Oracle tidak membangun infrastruktur ini dalam ruang hampa. Perusahaan telah mengamankan kemitraan dengan OpenAI, Nvidia, dan Meta, tiga nama paling berpengaruh dalam ekosistem AI.
Mengapa pasar kripto peduli dengan utang Oracle
Bitcoin mengalami volatilitas yang meningkat setelah pengungkapan Oracle, mencerminkan pola yang lebih luas di mana risiko kredit perusahaan teknologi tradisional merembes ke pasar aset digital. Mekanismenya tidak rumit: ketika investor cemas terhadap leverage di sektor teknologi, mereka cenderung menarik diri dari aset berisiko secara keseluruhan.
Penjualan besar-besaran oleh Oracle telah memperkuat pengawasan terhadap keberlanjutan pengeluaran AI di seluruh sektor teknologi. Token yang terkait AI dan pasar kripto yang lebih luas telah menunjukkan sensitivitas terhadap perubahan sentimen yang didorong oleh laporan keuangan ini, dengan efek penyebaran menyebar ke aset digital dalam hitungan jam.
Pertanyaan keberlanjutan
Pengeluaran modal pada skala ini, yang didanai sebagian besar dengan utang, menciptakan skenario di mana Oracle memerlukan pendapatan AI untuk tumbuh pesat hanya untuk menutupi biaya pembiayaan. Kesediaan Oracle untuk secara eksplisit menandai investasi ini sebagai risiko keuangan dalam pengungkapannya sendiri patut diperhatikan.

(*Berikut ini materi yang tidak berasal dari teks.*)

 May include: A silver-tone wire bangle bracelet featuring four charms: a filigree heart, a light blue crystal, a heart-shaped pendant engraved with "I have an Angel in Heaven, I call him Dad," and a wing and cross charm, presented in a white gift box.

Ketergantungan antara valuasi teknologi tradisional dan kinerja aset digital menjadi semakin sulit diabaikan. Reaksi bitcoin terhadap laporan laba Oracle mencerminkan realitas struktural: arus modal institusional antara pasar-pasar ini sangat terhubung. Trader dan investor aset digital sebaiknya memantau tren pengeluaran infrastruktur AI seketat mereka memantau metrik on-chain.